Exercise details
Output, exactly as written, the lines below starting at the line containing "And then slowly" and ending at the line containing "Hey guys, Brett". Drop the pictures and keep both end lines.

Material for this task
-- Opening Marker --

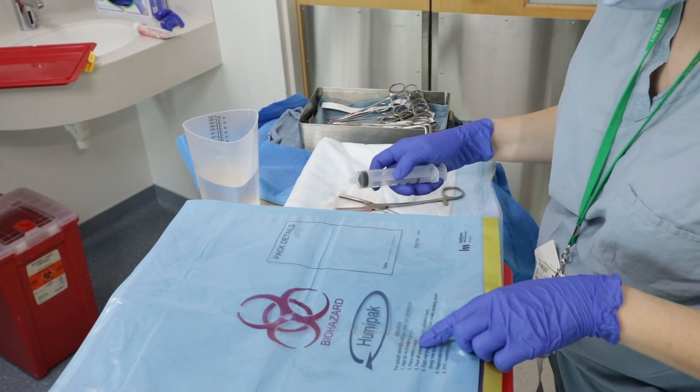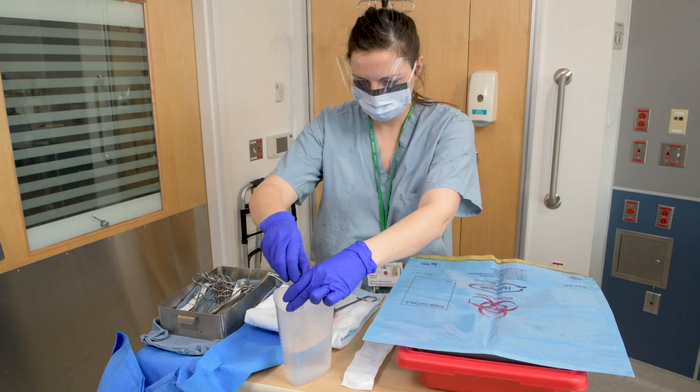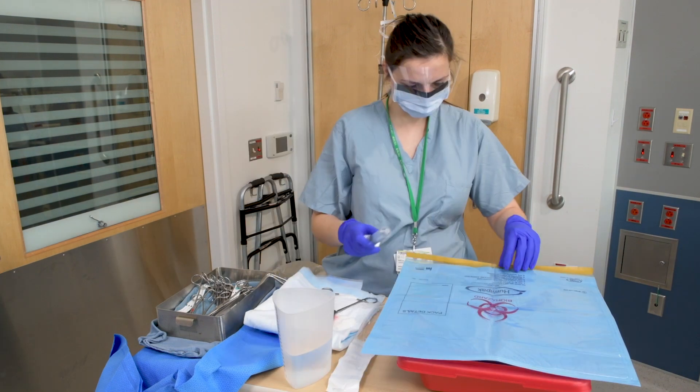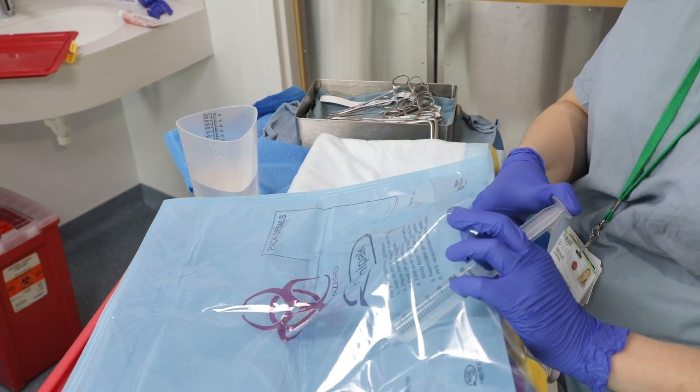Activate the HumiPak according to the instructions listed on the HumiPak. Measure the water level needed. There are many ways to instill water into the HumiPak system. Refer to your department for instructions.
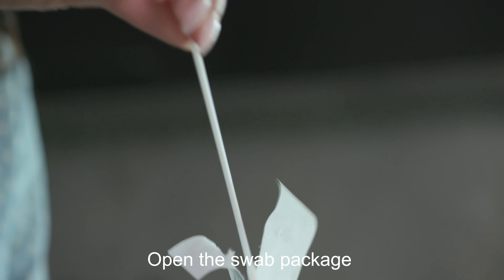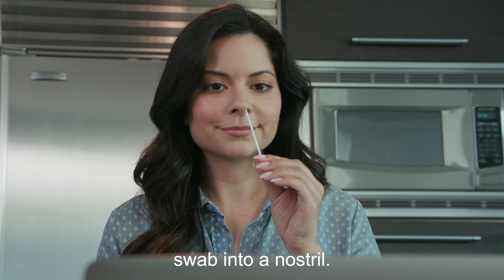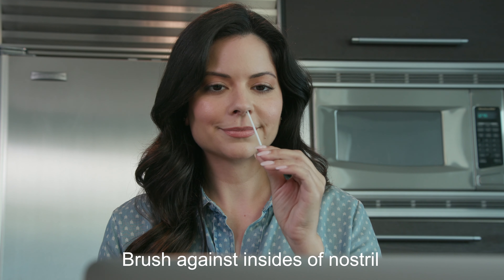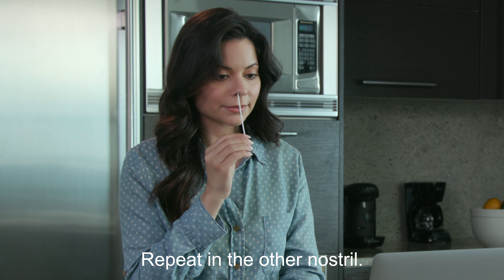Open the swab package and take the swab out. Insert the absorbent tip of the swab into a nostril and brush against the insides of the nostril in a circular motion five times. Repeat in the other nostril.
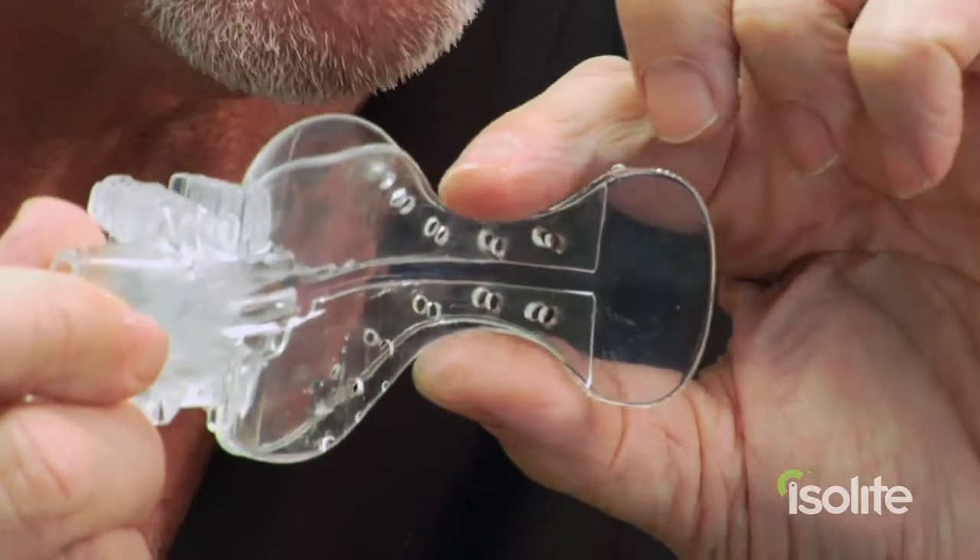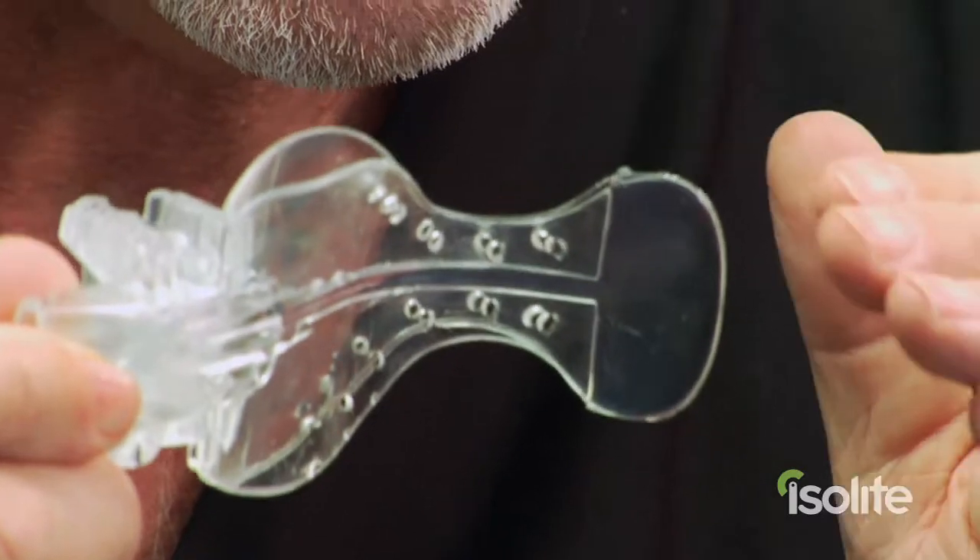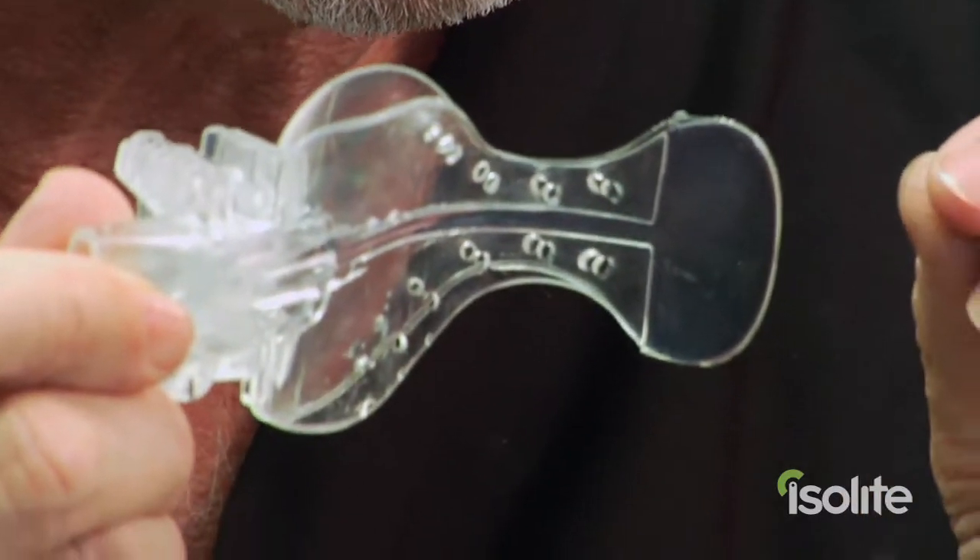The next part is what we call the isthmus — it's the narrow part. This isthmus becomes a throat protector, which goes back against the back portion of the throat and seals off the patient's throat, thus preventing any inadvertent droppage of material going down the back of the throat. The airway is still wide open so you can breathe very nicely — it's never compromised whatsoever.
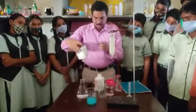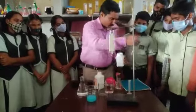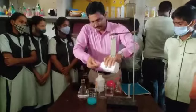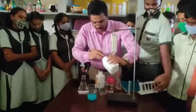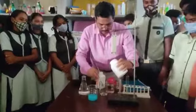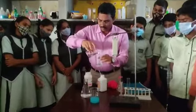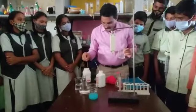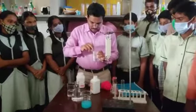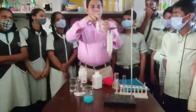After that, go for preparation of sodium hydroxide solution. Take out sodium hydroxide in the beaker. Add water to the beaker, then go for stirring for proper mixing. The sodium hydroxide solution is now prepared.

-- Closing Marker --
-- Opening Marker --

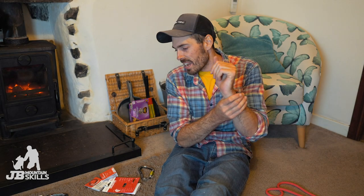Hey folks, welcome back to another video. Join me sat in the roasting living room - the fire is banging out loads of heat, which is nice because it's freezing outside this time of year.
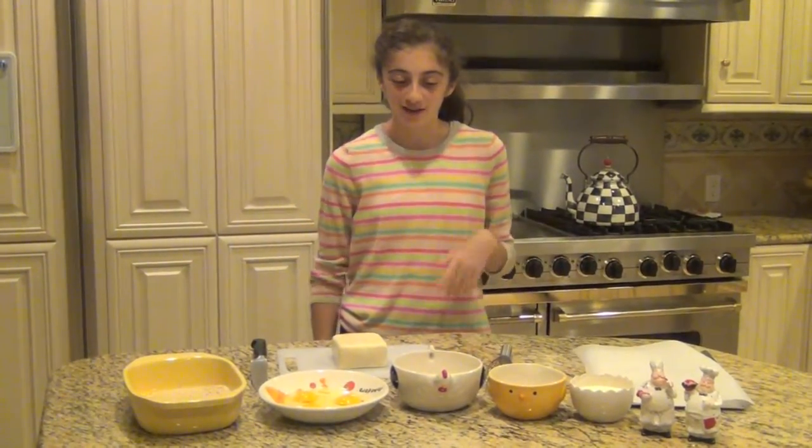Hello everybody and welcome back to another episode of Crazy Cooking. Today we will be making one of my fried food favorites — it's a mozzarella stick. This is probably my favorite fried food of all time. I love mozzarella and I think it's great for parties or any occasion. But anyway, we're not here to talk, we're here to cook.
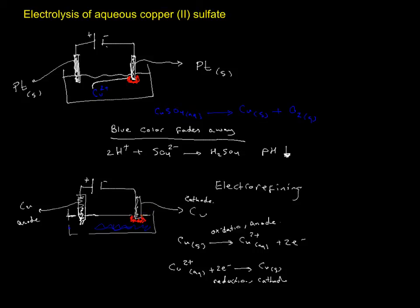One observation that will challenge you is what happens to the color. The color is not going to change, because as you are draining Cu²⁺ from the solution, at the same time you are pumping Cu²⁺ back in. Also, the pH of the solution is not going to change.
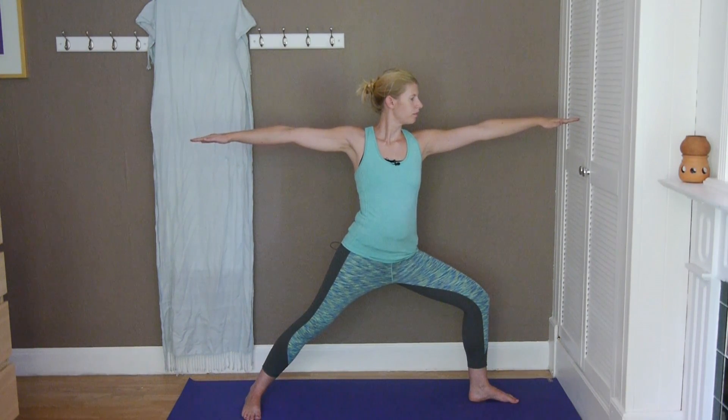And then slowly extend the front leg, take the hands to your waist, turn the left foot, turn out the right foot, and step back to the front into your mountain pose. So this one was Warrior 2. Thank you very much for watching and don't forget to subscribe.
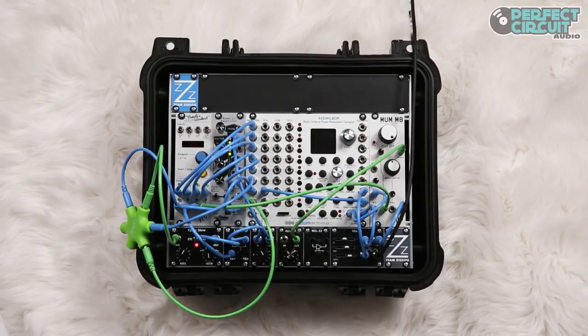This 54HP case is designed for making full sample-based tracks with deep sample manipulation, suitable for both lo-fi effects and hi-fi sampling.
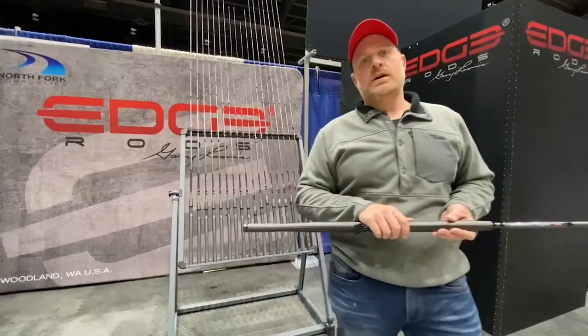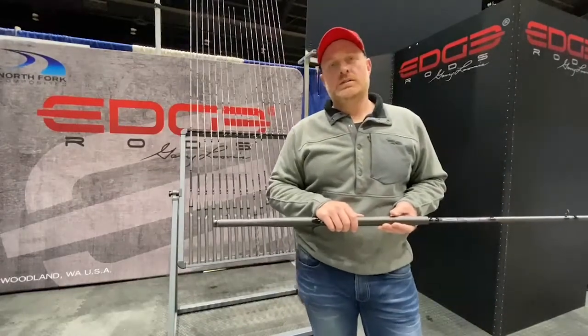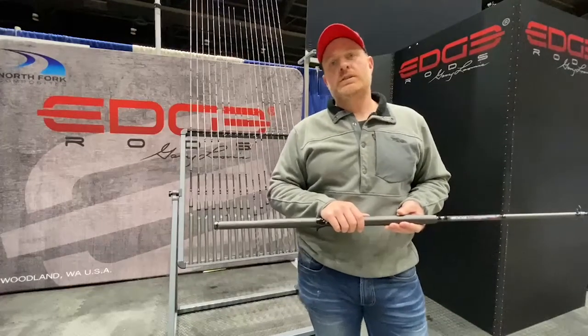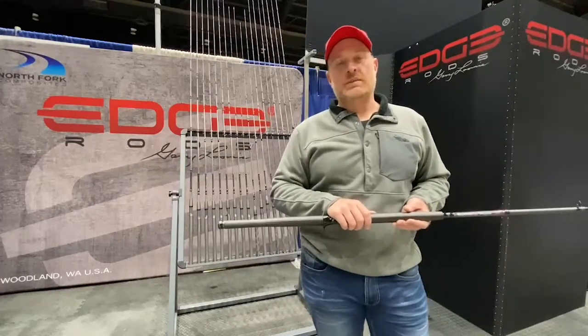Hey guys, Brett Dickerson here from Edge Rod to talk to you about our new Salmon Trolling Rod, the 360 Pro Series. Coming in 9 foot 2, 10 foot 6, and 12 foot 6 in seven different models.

-- Closing Marker --
-- Opening Marker --

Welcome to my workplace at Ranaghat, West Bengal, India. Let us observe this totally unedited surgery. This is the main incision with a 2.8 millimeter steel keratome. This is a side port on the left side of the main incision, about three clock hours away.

-- Closing Marker --

Written answer
And then slowly extend the front leg, take the hands to your waist, turn the left foot, turn out the right foot, and step back to the front into your mountain pose. So this one was Warrior 2. Thank you very much for watching and don't forget to subscribe.
This 54HP case is designed for making full sample-based tracks with deep sample manipulation, suitable for both lo-fi effects and hi-fi sampling.
Hey guys, Brett Dickerson here from Edge Rod to talk to you about our new Salmon Trolling Rod, the 360 Pro Series. Coming in 9 foot 2, 10 foot 6, and 12 foot 6 in seven different models.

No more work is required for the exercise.